The exercise calls for every entry that follows to be repeated exactly.
◇ ◇ ◇ ◇ ◇
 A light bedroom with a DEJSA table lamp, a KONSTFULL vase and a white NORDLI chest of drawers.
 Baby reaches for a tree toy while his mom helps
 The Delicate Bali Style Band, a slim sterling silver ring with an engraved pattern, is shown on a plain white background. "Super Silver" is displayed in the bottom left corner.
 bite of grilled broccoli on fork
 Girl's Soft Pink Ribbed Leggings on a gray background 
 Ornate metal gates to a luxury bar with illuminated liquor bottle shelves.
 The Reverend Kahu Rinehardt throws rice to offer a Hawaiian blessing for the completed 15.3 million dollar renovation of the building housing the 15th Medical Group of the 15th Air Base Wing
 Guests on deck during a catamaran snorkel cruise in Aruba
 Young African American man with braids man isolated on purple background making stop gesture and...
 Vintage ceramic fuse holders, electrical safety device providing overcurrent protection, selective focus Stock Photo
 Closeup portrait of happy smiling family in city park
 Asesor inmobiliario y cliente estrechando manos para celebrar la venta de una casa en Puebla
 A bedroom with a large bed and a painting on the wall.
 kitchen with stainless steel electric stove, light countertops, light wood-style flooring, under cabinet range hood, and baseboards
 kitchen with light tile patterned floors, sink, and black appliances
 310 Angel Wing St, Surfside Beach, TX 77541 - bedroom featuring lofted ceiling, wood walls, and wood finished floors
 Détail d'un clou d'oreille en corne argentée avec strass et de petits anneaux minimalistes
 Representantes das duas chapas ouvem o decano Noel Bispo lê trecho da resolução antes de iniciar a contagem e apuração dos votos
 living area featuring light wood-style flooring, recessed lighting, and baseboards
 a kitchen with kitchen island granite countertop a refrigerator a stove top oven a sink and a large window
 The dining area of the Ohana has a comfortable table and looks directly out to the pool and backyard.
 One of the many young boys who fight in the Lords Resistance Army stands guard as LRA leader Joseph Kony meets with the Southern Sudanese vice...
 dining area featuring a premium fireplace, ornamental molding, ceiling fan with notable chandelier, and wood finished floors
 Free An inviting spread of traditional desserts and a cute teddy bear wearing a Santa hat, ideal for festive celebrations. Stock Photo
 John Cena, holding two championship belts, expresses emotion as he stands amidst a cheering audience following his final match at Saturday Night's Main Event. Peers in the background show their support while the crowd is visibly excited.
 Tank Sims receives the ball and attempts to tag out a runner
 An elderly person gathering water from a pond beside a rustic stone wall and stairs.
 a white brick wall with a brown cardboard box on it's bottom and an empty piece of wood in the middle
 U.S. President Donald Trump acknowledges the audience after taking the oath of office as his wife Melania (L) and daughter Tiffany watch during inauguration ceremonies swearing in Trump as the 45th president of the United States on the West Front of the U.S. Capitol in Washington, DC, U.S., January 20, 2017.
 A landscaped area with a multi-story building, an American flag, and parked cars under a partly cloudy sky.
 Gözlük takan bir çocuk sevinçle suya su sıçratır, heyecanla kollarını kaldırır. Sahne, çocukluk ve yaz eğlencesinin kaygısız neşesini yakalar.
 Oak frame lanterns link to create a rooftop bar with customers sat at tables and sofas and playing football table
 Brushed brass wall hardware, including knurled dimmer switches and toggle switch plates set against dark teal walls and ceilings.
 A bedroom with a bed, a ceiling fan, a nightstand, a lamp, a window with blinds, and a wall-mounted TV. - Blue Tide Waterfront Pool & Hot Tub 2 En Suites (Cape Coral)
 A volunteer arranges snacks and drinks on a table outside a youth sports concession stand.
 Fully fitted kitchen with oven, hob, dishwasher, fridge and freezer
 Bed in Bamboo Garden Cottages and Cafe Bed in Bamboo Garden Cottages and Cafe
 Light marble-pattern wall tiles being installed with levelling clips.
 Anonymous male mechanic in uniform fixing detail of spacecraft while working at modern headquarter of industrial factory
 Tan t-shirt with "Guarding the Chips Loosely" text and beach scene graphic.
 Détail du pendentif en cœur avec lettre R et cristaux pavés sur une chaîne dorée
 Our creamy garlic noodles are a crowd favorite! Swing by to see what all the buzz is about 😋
◇ ◇ ◇ ◇ ◇
■ Result of the task:
 A light bedroom with a DEJSA table lamp, a KONSTFULL vase and a white NORDLI chest of drawers.
 Baby reaches for a tree toy while his mom helps
 The Delicate Bali Style Band, a slim sterling silver ring with an engraved pattern, is shown on a plain white background. "Super Silver" is displayed in the bottom left corner.
 bite of grilled broccoli on fork
 Girl's Soft Pink Ribbed Leggings on a gray background 
 Ornate metal gates to a luxury bar with illuminated liquor bottle shelves.
 The Reverend Kahu Rinehardt throws rice to offer a Hawaiian blessing for the completed 15.3 million dollar renovation of the building housing the 15th Medical Group of the 15th Air Base Wing
 Guests on deck during a catamaran snorkel cruise in Aruba
 Young African American man with braids man isolated on purple background making stop gesture and...
 Vintage ceramic fuse holders, electrical safety device providing overcurrent protection, selective focus Stock Photo
 Closeup portrait of happy smiling family in city park
 Asesor inmobiliario y cliente estrechando manos para celebrar la venta de una casa en Puebla
 A bedroom with a large bed and a painting on the wall.
 kitchen with stainless steel electric stove, light countertops, light wood-style flooring, under cabinet range hood, and baseboards
 kitchen with light tile patterned floors, sink, and black appliances
 310 Angel Wing St, Surfside Beach, TX 77541 - bedroom featuring lofted ceiling, wood walls, and wood finished floors
 Détail d'un clou d'oreille en corne argentée avec strass et de petits anneaux minimalistes
 Representantes das duas chapas ouvem o decano Noel Bispo lê trecho da resolução antes de iniciar a contagem e apuração dos votos
 living area featuring light wood-style flooring, recessed lighting, and baseboards
 a kitchen with kitchen island granite countertop a refrigerator a stove top oven a sink and a large window
 The dining area of the Ohana has a comfortable table and looks directly out to the pool and backyard.
 One of the many young boys who fight in the Lords Resistance Army stands guard as LRA leader Joseph Kony meets with the Southern Sudanese vice...
 dining area featuring a premium fireplace, ornamental molding, ceiling fan with notable chandelier, and wood finished floors
 Free An inviting spread of traditional desserts and a cute teddy bear wearing a Santa hat, ideal for festive celebrations. Stock Photo
 John Cena, holding two championship belts, expresses emotion as he stands amidst a cheering audience following his final match at Saturday Night's Main Event. Peers in the background show their support while the crowd is visibly excited.
 Tank Sims receives the ball and attempts to tag out a runner
 An elderly person gathering water from a pond beside a rustic stone wall and stairs.
 a white brick wall with a brown cardboard box on it's bottom and an empty piece of wood in the middle
 U.S. President Donald Trump acknowledges the audience after taking the oath of office as his wife Melania (L) and daughter Tiffany watch during inauguration ceremonies swearing in Trump as the 45th president of the United States on the West Front of the U.S. Capitol in Washington, DC, U.S., January 20, 2017.
 A landscaped area with a multi-story building, an American flag, and parked cars under a partly cloudy sky.
 Gözlük takan bir çocuk sevinçle suya su sıçratır, heyecanla kollarını kaldırır. Sahne, çocukluk ve yaz eğlencesinin kaygısız neşesini yakalar.
 Oak frame lanterns link to create a rooftop bar with customers sat at tables and sofas and playing football table
 Brushed brass wall hardware, including knurled dimmer switches and toggle switch plates set against dark teal walls and ceilings.
 A bedroom with a bed, a ceiling fan, a nightstand, a lamp, a window with blinds, and a wall-mounted TV. - Blue Tide Waterfront Pool & Hot Tub 2 En Suites (Cape Coral)
 A volunteer arranges snacks and drinks on a table outside a youth sports concession stand.
 Fully fitted kitchen with oven, hob, dishwasher, fridge and freezer
 Bed in Bamboo Garden Cottages and Cafe Bed in Bamboo Garden Cottages and Cafe
 Light marble-pattern wall tiles being installed with levelling clips.
 Anonymous male mechanic in uniform fixing detail of spacecraft while working at modern headquarter of industrial factory
 Tan t-shirt with "Guarding the Chips Loosely" text and beach scene graphic.
 Détail du pendentif en cœur avec lettre R et cristaux pavés sur une chaîne dorée
 Our creamy garlic noodles are a crowd favorite! Swing by to see what all the buzz is about 😋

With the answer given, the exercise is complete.